|Evidence for the Formation of Faint, High Prominences in the Aftermath of Two Faint
Sara F. Martin, Helio Research, La Crescenta, CA, USA and Oddbjorn Engvold, Institute for
Theoretical Astrophysics, University of Oslo, Oslo, Norway
On 16 and 17 September 2004, changes in two unusually high prominences were recorded for
intervals of several hours in the H$\alpha line at Helio Research using a 10-inch aperture
telescope equipped with a narrow band (1/10 fwhm) filter. The high prominences, each reaching
an altitude 200,000 km, appeared above a long low-lying prominence that was well-observed
crossing the limb and had a maximum altitude of 60,000 km. The lower prominence had a
horizontal axis and barbs while the high prominence in H-alpha consisted of many strands of
nearly vertical structure but with only a few threads with mass streaming downward close to the
chromosphere. Because there were no apparent geometric properties or mass flows in common
between the high prominences and the low one, it is deduced that the high prominences were
associated with photospheric polarity reversal boundaries and filament channels that were at
least 20-33 degrees beyond the west limb and associated with a large decaying active region.
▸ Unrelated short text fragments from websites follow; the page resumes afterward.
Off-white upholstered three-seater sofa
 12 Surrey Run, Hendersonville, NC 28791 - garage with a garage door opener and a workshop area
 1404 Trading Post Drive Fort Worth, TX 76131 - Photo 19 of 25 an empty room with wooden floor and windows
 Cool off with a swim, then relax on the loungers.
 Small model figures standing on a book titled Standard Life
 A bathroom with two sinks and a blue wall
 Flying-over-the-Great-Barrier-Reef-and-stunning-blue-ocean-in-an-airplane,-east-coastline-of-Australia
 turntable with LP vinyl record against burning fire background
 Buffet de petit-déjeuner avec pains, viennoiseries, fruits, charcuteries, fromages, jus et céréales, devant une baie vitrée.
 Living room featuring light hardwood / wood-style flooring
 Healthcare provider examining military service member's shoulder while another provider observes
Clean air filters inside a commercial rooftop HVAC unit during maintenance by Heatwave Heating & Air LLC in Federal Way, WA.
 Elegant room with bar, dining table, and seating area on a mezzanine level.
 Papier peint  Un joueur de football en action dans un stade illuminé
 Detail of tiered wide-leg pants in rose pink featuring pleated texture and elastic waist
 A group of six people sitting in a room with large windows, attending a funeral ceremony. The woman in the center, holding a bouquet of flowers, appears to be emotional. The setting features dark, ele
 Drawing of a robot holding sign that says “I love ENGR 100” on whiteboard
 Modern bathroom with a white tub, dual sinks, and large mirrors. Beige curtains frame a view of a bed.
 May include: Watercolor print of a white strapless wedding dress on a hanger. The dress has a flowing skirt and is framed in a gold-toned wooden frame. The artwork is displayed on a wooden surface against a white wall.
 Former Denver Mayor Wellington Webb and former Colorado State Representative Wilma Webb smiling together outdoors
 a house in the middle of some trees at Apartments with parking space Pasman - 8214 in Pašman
Additionally, LASCO movies revealed two faint CMEs on 14 Sep (19:12 UT) and 15 Sep (21:24
UT) evidently from the backside of the Sun and near the same position angles as the high
prominences. These events were most likely related to the polarity reversal boundaries within or
on the border of the large active region beyond the west limb. We suggest that each of the high
prominences developed in the 1-2 day aftermath of each of the successive CMEs. We further
suggest that the prominences are related to the formation of current sheets anticipated by (Lin
and Forbes 2000) or magnetic interfaces (Lin and van Ballegooijen 2001) that, in either case,
are continuing to evolve one to two days after eruptive events. Support from NSF grant
ATM-0209395 is acknowledged.
Lin and van Ballegooijen 2001, AGU, abs. SH12B-0754.
Lin and Forbes 2000 BAAS 32, p.842.
Other evidence of the formation of current sheets is provided by coaxial bright rays suddenly
observed several hours after a CME by Webb et al. (2003 JGR 108, Issue A12, pp. SSH 6-1).